Links to the previous rounds: 1, 2 and 3.

Gabriel Oxenstierna

The battle of climate hypotheses, Round 4:
The Green-house Gas Forcer vs. The Winter Gatekeeper

For the first time, the IPCC’s doctrine of CO₂ as a ‘control knob’ in our climate faces a serious challenger in the form of a comprehensive hypothesis about what drives climate and its shifts. – This article is the fourth in a series evaluating this new hypothesis of natural climate variability, the so-called Winter Gate-keeper Hypothesis [WGH]. The basic concept of WGH is that natural variations in the polewards meridional transport of heat and moisture controls climate change.[1][2]

Alarmists, including the IPCC, love to speculate about tipping points. One of their favourites is that the Atlantic meridional overturning circulation (AMOC), will shut down due to our emissions of greenhouse gases.[3][4]

The AMOC is an essential part of the global heat transport system. This is how bitterly cold the climate could get in parts of the North if it collapsed:[5]

Figure 1: Simulated outcome of an AMOC shutdown. Everything warms up significantly, except the North Atlantic and Northern Europe. Source: [7]

A collapsed AMOC would also lead to a host of knock-on effects due to ‘tele-connections’.We are warned that a weakening of AMOC would have severe impacts and increase the risk of “cascading problems” for other major Earth systems, “such as the Antarctic ice sheet, tropical monsoon systems and Amazon rainforest”.[6] Climate crise effects would occur in many other areas as well. Stormier weather, more floods, collapsed plankton production, and widespread oxygen death in the oceans (anoxia) are forecast, says the IPCC.[3] The issue of AMOC’s whereabouts is therefore of great interest.

The cold blob

The AMOC is like a giant conveyor belt of energy. It is primarily driven by the Denmark Strait overflow: warm and salty water from the northward extension of the Gulf Stream meets the cold ocean currents off south-east Greenland. There they sink to the bottom as a huge ‘waterfall’, with a drop of more than 3 000 meters (at the threshold of the Denmark Strait). The heavy, cold bottom water then flows south to the Southern Ocean, before turning north again.
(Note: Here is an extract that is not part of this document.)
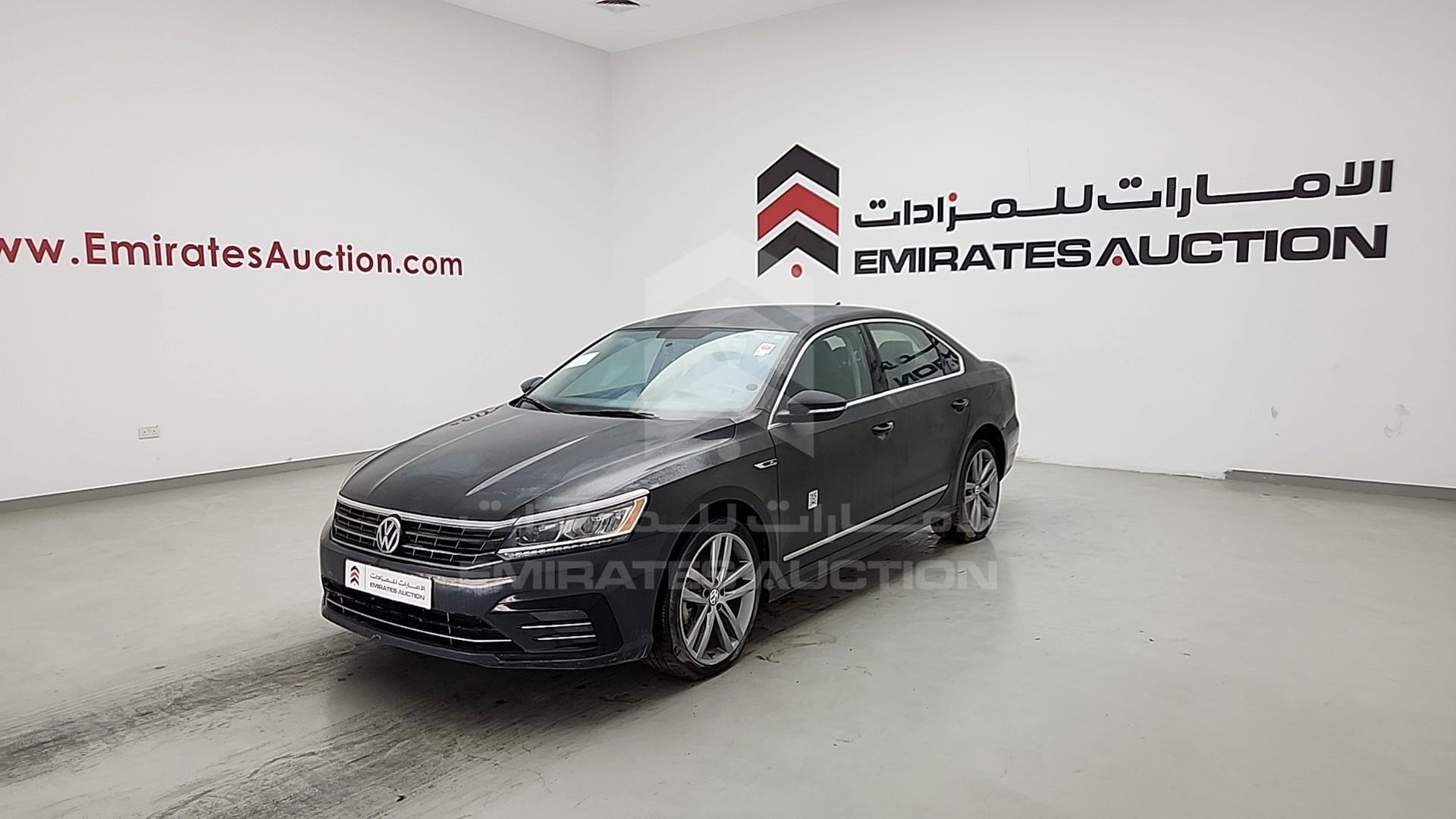 2017 VOLKSWAGEN PASSAT VIN: 1VWDT7A38HC025469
A key part of the AMOC is the convection zone south of Iceland and Greenland, where we find the subpolar Atlantic gyre. The ocean current rotates counterclockwise around the so-called cold blob:

Figure 2. The thermohaline circulation in the North Atlantic together with the surface water temperature trend from 1993 to 2021. Surrounding the cold spot with deep convection, the AMOC flows counterclockwise.

The cold blob is not only present at the surface but goes way down to the depths:[8]
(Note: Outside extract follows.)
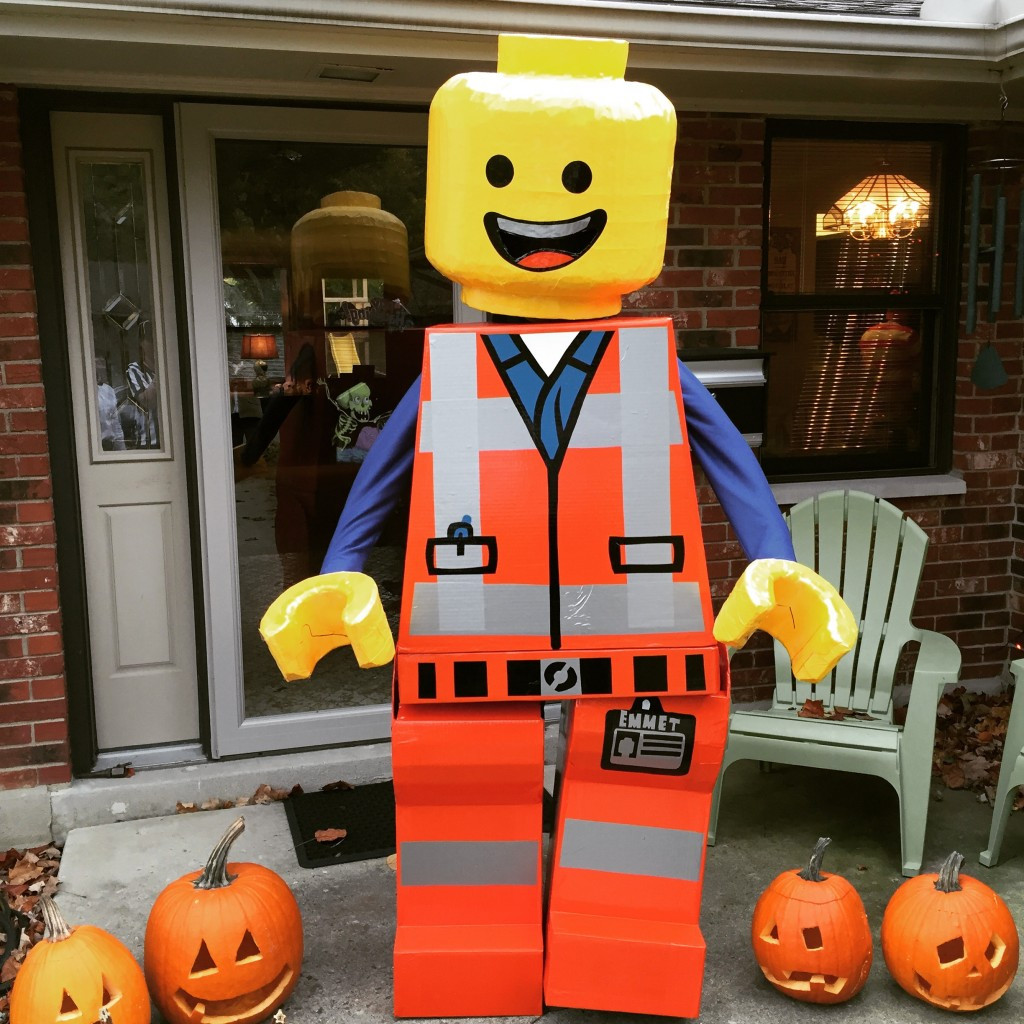 Lego Costume DIY
 Building an Awesome Emmet Lego Halloween Costume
Figure 3. Change in ocean heat for the top 2000 meters, from 1958-2023, [4] adapted from [8, fig 7]

The hypothesis that the AMOC is weakening is based on the existence of the cold blob as a long-term climate phenomenon in the North Atlantic, as the AMOC strength is strongly positively correlated with the cold blob temperature. A colder cold blob corresponds to a slower AMOC.[9][10]

The cold blob disappears!

However, it now appears that the feared slowdown of the AMOC isn’t happening at all. Deep-sea flow data show stable flows over the past 24 years. This was described in an article on WUWT, here.

In addition, the cold blob has more or less disappeared in recent years:
https://www.youtube.com/watch?v=rfKXLPJxDog

Figure 4: Animation of North Atlantic surface temperatures, annual anomalies for 2013-2023 compared to the average for the period 1979-2010. Monthly data show that it is mainly during summer and fall that the cold blob has disappeared measured as an anomaly, while it is still present during spring. Data: ECMWF ERA5

However, if we look at the long-term development of the sea surface temperature in the area, we find no significant trend, but that the development shown in the animation is part of an oscillation:

Figure 5. Sea surface temperature anomaly in the North Atlantic waters, (50N-65N; 50W-10W). Blue thick line is a Loess smooth. Climate shifts are marked with yellow, see a discussion of those here. Data source: NOAA ERSST V5

The cold blob comes and goes in multidecadal cycles. The 30 years from 1965-1995 were particularly cold. And this is not only true for the surface water, but equally so at depth: even the heat content at depth oscillates with the change in surface water temperature:

Figure 6. Heat content of deep water down to 1000 meters depth in the North Atlantic. The 1995-2005 climate shift is highlighted in yellow. Graph from the Met Office.

AMOC is known as a thermohaline circulation, where the word -haline means salt. AMOC is therefore not only about the transport of heat, but also about the transport of salt. The key to the circulation is the density of the water: the colder and saltier the water, the heavier it is. The saltiness comes from the AMOC passing through the tropics where evaporation is high, thus increasing the salinity in the Gulf Stream.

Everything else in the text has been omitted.